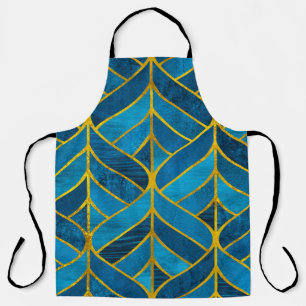 Tablier Motif or et bleu sur grunge arrière - plan, coutur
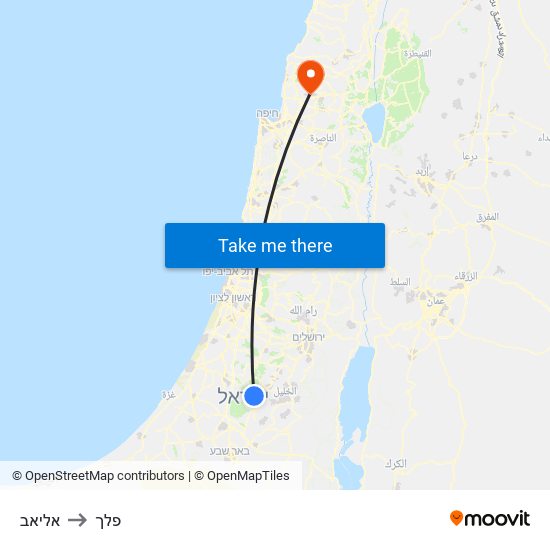 אליאב to פלך map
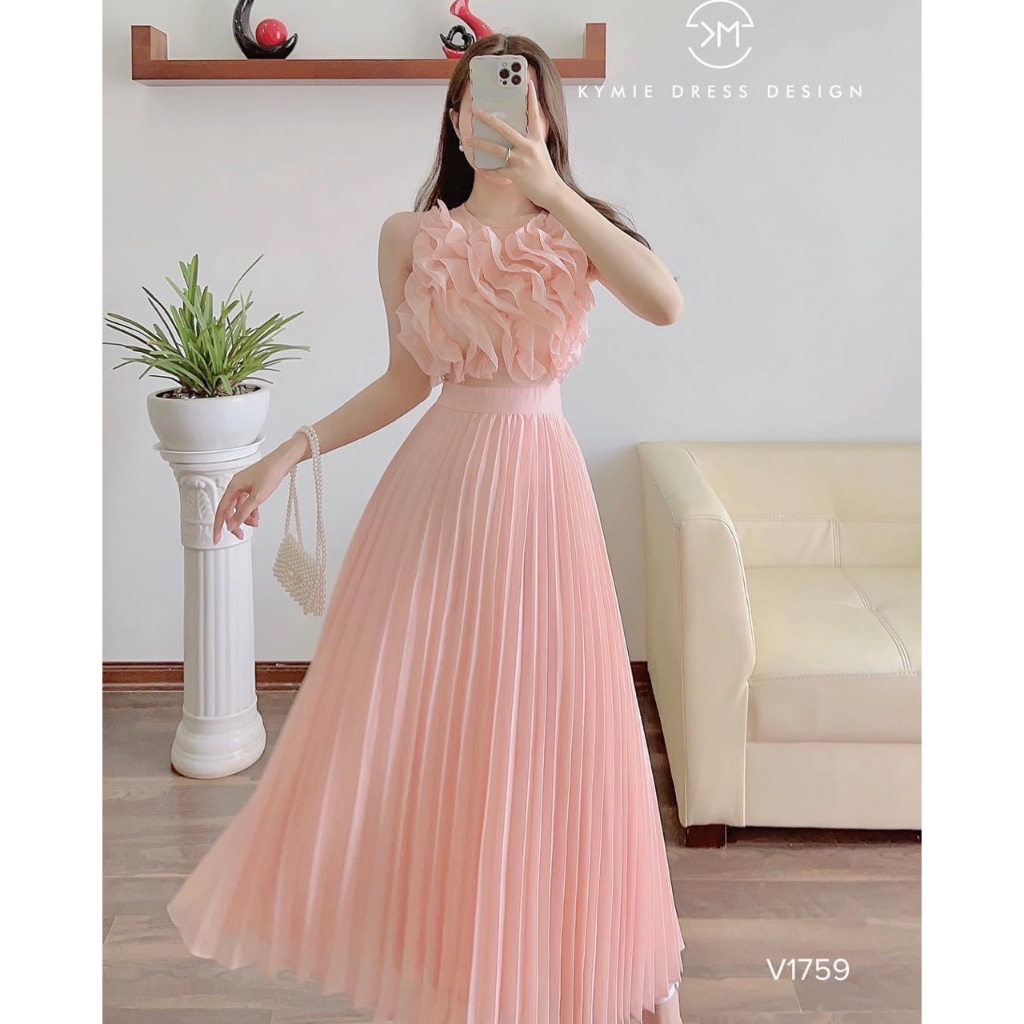 SIÊU PHẨM ĐẦM XÒE XẾP LY BÈO NGỰC ĐẸP XUẤT SẮC SANG TRỌNG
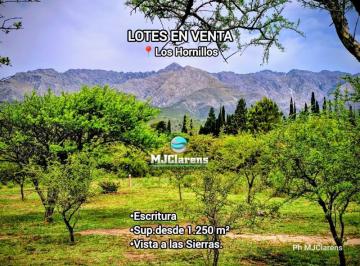 Terreno · 1250m² · Venta Lotes Desde 1.250 m² con Escritura - Zona Norte - Los Hornillos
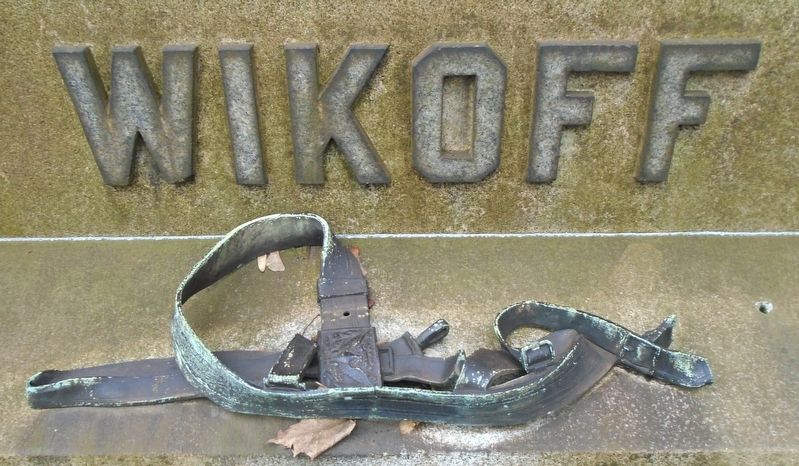 Charles A. Wikoff Monument Detail image. Click for full size.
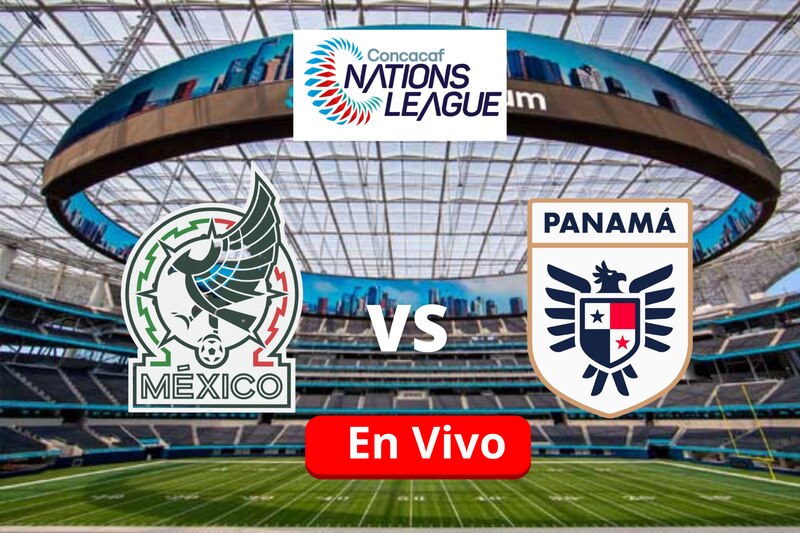 Horario y dónde ver el partido México vs Panamá de la Concacaf Nations League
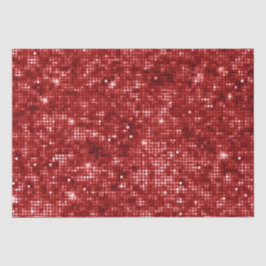 スパークリーレッドホリデークリスマスグリッター 薄葉紙
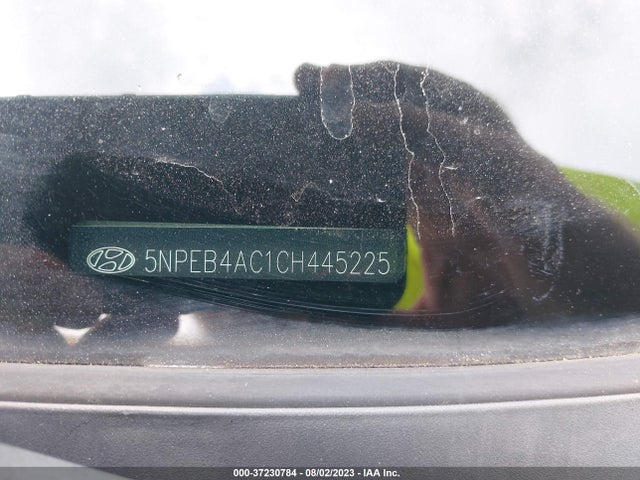 37230784 :رقم المزاد ، 5NPEB4AC1CH445225 vin ، 2012 Hyundai Sonata Gls مزاد بيع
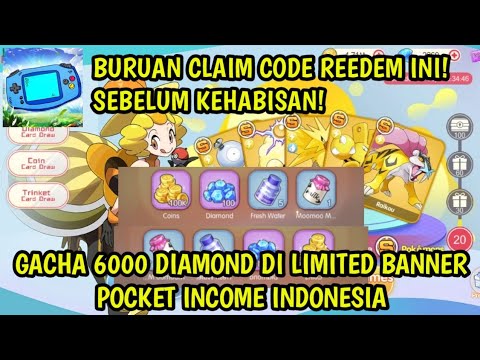 Bagi Bagi Gift Code! Buruan Klaim! + Gacha 6000 Diamond Limited Banner || Pocket Income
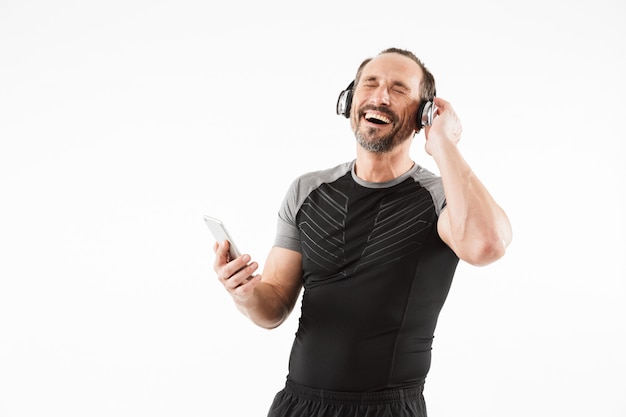 Portrait of a smiling mature sportsman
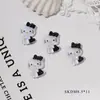 Nuevos Accesorios de Dibujos Animados de Resina Transparente Hielo 3D para Uñas DIY Pegamento de Crema Decoración de Funda de Teléfono Gatito Venta al por Mayor Gato Kt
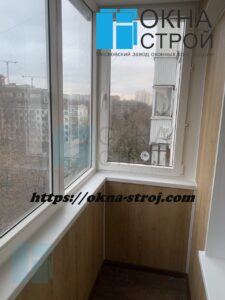 Остекление ПВХ в хрущевке в одно стекло
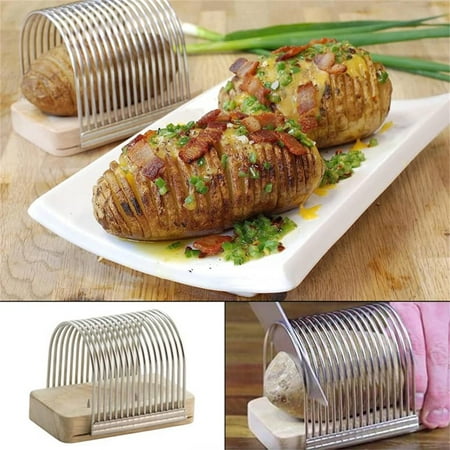 

HLONK AOVUWU Potato Cutter And Vegetable Cutter Rack Kitchen Chips Tomatoes Oniones Cutting Tool Potato Slicing Rack Bread Cutter Rack For Kitchen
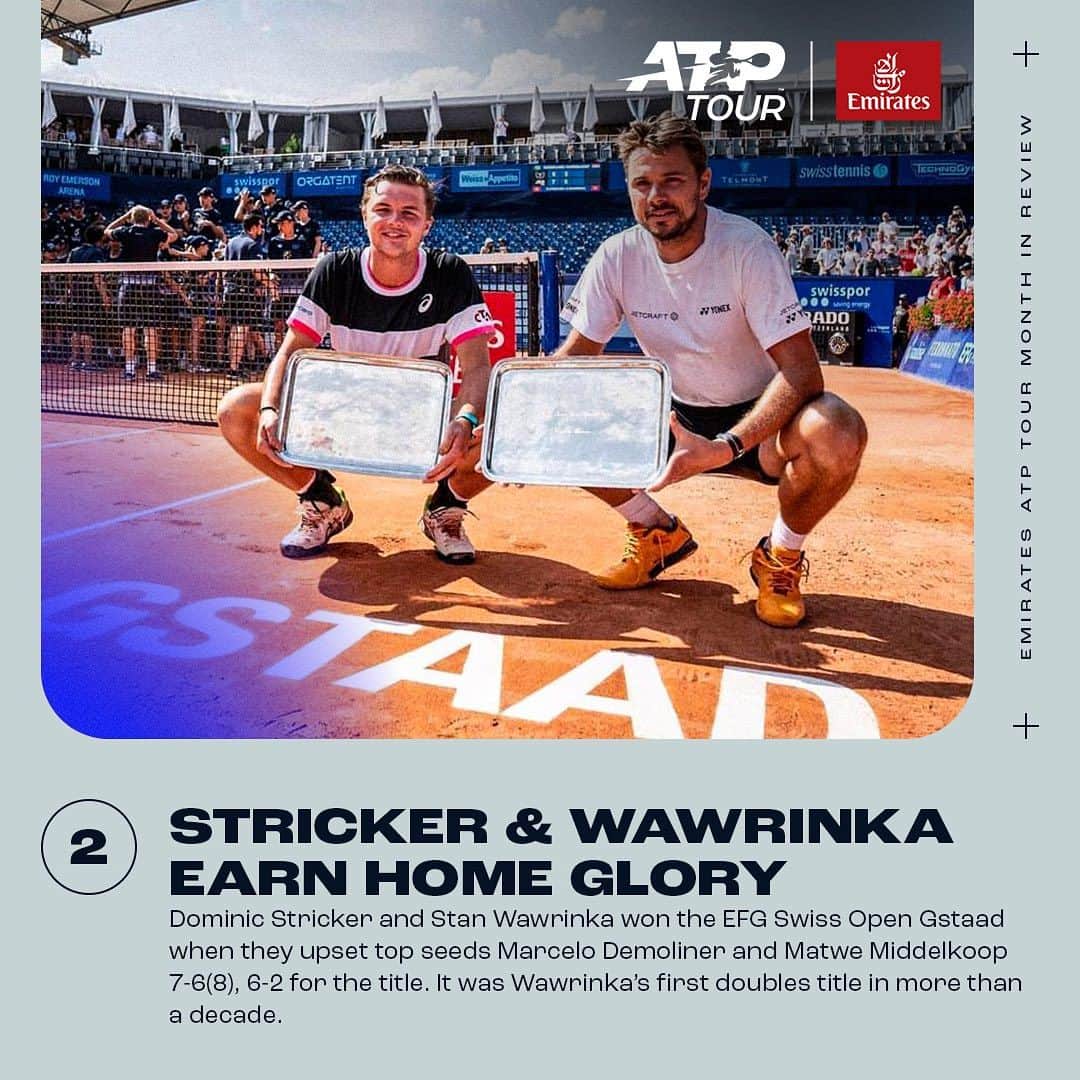 ATP World Tourさんのインスタグラム写真 - (ATP World TourInstagram)「Aaand that was July 😉   @emirates | #partner」8月4日 1時56分 - atptour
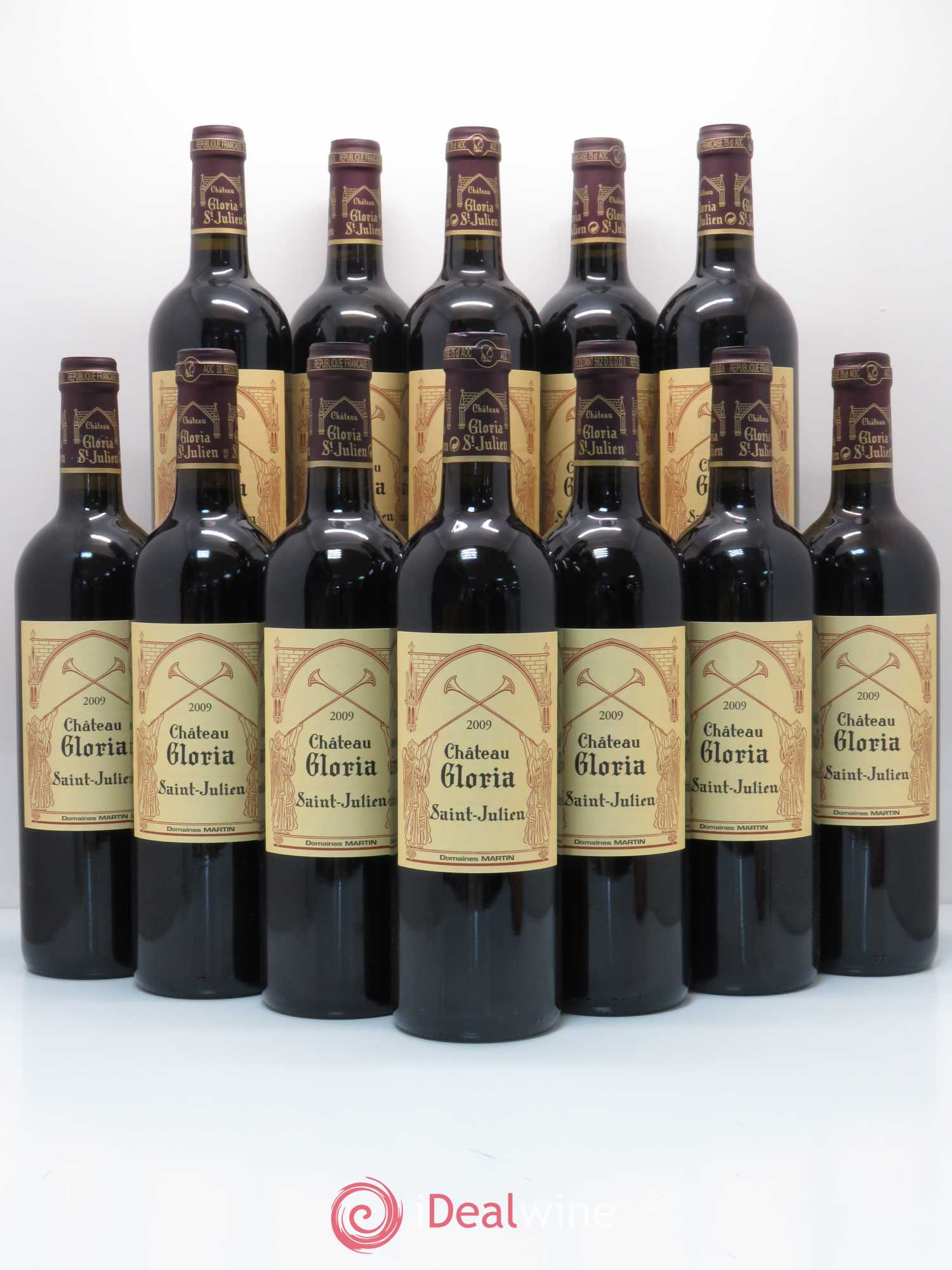Château Gloria 2009 - Lot de 12 bouteilles - 0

### Problem to work on
The answer is a faithful copy of the records above, with the pictures removed.

### Task output
 Tablier Motif or et bleu sur grunge arrière - plan, coutur
 אליאב to פלך map
 SIÊU PHẨM ĐẦM XÒE XẾP LY BÈO NGỰC ĐẸP XUẤT SẮC SANG TRỌNG
 Terreno · 1250m² · Venta Lotes Desde 1.250 m² con Escritura - Zona Norte - Los Hornillos
 Charles A. Wikoff Monument Detail image. Click for full size.
 Horario y dónde ver el partido México vs Panamá de la Concacaf Nations League
 スパークリーレッドホリデークリスマスグリッター 薄葉紙
 37230784 :رقم المزاد ، 5NPEB4AC1CH445225 vin ، 2012 Hyundai Sonata Gls مزاد بيع
 Bagi Bagi Gift Code! Buruan Klaim! + Gacha 6000 Diamond Limited Banner || Pocket Income
 Portrait of a smiling mature sportsman
 Nuevos Accesorios de Dibujos Animados de Resina Transparente Hielo 3D para Uñas DIY Pegamento de Crema Decoración de Funda de Teléfono Gatito Venta al por Mayor Gato Kt
 Остекление ПВХ в хрущевке в одно стекло

HLONK AOVUWU Potato Cutter And Vegetable Cutter Rack Kitchen Chips Tomatoes Oniones Cutting Tool Potato Slicing Rack Bread Cutter Rack For Kitchen
 ATP World Tourさんのインスタグラム写真 - (ATP World TourInstagram)「Aaand that was July 😉   @emirates | #partner」8月4日 1時56分 - atptour
Château Gloria 2009 - Lot de 12 bouteilles - 0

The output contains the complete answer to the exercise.